Derivative of a Fraction Using the Power Rule

In calculus, the power rule is a fundamental tool for finding the derivative of a function. This rule states that the derivative of a term of the form xⁿ is nx^(n-1). While this rule is straightforward for simple terms, it can become more complex when dealing with fractions. This blog post will guide you through the process of finding the derivative of a fraction using the power rule.

Understanding the Power Rule

Before we delve into fractions, let’s revisit the power rule itself. The power rule states that for any real number n, the derivative of xⁿ is given by:

d/dx (xⁿ) = nx^(n-1)

For example, the derivative of x³ is 3x². This rule applies to both positive and negative values of n.

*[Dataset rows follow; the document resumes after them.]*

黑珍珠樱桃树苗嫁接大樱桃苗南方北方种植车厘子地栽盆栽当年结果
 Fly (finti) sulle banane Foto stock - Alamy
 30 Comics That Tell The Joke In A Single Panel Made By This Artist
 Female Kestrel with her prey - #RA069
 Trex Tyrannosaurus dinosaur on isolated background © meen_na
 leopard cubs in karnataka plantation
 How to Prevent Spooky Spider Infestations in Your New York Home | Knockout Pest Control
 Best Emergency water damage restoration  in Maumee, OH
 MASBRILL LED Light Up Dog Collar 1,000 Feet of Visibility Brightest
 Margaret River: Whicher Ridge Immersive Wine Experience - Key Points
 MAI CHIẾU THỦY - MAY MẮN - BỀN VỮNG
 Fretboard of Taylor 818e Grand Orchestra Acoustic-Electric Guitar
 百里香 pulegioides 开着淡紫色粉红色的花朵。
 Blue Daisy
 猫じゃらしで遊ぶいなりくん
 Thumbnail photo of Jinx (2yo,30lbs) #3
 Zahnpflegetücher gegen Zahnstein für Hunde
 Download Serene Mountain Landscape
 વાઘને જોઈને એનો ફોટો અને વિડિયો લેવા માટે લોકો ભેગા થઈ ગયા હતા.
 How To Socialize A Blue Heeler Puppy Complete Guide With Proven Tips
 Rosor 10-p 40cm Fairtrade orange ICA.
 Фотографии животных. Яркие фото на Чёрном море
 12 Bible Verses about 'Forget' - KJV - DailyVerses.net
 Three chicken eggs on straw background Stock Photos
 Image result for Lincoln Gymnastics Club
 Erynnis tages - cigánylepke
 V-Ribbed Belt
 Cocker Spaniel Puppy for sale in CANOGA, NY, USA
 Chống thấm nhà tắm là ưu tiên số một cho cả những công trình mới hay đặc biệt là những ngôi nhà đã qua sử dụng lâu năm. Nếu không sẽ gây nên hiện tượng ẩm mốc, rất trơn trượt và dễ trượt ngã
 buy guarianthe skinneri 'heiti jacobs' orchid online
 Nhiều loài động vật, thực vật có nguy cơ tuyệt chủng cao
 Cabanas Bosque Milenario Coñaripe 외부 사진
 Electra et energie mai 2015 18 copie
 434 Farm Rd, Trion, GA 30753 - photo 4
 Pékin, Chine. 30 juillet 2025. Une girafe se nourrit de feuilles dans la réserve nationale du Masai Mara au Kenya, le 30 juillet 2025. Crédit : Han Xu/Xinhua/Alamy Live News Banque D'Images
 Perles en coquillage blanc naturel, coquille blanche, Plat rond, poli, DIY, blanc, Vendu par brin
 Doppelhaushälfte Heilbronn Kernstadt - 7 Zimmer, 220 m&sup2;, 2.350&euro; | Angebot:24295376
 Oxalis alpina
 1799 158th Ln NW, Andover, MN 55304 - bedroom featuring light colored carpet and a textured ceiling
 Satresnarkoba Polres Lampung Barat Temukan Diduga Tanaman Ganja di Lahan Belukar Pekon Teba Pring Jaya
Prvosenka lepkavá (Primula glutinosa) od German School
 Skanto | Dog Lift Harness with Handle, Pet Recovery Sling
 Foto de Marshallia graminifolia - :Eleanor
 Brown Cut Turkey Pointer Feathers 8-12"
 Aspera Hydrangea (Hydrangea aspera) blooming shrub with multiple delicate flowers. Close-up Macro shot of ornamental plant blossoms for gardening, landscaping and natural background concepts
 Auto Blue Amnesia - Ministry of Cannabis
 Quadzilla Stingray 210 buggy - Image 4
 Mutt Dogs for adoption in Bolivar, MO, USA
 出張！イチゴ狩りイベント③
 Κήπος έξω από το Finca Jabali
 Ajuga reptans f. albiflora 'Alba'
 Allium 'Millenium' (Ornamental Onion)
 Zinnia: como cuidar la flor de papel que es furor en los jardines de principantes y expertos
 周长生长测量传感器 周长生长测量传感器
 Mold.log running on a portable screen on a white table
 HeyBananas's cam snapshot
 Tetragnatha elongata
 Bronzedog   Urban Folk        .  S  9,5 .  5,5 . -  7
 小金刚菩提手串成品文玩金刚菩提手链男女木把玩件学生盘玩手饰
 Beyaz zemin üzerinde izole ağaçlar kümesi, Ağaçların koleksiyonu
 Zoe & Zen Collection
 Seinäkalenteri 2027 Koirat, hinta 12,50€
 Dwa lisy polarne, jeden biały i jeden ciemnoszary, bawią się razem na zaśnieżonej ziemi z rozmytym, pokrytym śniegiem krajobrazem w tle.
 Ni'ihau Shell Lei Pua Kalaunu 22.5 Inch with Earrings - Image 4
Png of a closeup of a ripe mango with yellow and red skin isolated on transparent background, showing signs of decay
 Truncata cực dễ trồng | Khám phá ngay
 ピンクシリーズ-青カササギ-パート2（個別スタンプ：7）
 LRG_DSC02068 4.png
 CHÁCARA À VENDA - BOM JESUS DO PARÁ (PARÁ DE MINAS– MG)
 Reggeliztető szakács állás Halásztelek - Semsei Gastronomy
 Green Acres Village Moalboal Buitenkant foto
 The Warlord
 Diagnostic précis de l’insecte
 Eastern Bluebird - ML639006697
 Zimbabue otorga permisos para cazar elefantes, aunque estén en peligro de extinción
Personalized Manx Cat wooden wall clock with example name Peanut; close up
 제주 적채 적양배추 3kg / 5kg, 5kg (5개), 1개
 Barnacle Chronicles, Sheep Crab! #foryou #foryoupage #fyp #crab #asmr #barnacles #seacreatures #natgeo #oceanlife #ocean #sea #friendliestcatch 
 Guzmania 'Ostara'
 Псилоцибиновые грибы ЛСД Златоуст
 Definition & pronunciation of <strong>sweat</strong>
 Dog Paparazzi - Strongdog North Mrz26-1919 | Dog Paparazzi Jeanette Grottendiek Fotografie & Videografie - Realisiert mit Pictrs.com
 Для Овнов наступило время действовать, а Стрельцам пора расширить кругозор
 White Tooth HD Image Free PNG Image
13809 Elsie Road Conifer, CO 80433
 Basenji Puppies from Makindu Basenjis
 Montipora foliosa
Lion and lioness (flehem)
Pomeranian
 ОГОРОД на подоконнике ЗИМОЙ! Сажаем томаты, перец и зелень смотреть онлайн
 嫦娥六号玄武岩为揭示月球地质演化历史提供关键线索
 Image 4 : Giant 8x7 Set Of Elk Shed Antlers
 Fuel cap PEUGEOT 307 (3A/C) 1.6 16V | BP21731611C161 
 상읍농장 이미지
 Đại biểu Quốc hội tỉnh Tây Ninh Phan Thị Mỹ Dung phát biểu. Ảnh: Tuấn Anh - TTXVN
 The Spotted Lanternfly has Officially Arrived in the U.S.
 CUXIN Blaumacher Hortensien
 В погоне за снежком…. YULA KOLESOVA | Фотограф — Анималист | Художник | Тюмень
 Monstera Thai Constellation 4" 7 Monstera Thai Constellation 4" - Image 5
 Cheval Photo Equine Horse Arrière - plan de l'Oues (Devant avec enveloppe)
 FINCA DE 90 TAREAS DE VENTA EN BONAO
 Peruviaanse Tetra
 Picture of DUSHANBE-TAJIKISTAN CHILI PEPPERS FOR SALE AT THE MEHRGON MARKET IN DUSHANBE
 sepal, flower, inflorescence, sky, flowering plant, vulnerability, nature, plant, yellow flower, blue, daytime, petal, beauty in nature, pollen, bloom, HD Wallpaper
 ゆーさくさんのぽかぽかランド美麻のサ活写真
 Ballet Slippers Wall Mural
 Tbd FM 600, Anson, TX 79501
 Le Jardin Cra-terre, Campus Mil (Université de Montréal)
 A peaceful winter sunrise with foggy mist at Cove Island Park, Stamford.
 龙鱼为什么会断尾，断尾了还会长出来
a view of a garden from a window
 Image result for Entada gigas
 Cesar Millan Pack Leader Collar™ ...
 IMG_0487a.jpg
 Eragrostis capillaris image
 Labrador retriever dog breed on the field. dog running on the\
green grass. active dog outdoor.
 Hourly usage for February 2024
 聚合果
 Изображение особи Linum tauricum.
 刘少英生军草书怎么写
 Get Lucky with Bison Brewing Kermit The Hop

For instance, the derivative of x^-2 is -2x^-3.

Applying the Power Rule to Fractions

When dealing with fractions, we can rewrite them as terms with negative exponents. For example, 1/x can be written as x^-1. This allows us to apply the power rule directly.

Example 1: Finding the Derivative of 1/x

Let’s find the derivative of 1/x:

1. Rewrite 1/x as x^-1.
2. Apply the power rule: d/dx (x^-1) = -1x^-2.
3. Simplify: -1x^-2 = -1/x².

Therefore, the derivative of 1/x is -1/x².

Example 2: Finding the Derivative of 1/x²

Let’s find the derivative of 1/x²:

1. Rewrite 1/x² as x^-2.
2. Apply the power rule: d/dx (x^-2) = -2x^-3.
3. Simplify: -2x^-3 = -2/x³.

Therefore, the derivative of 1/x² is -2/x³.

Key Points to Remember

• Rewrite fractions as terms with negative exponents to apply the power rule.
• Remember that the power rule involves multiplying the coefficient by the power and then reducing the power by 1.
• Simplify the derivative expression after applying the power rule.

Conclusion

Finding the derivative of a fraction using the power rule is a straightforward process once you understand the concept of rewriting fractions with negative exponents. By applying the power rule and simplifying the result, you can successfully find the derivative of any fraction. This knowledge is essential for understanding various calculus concepts and their applications.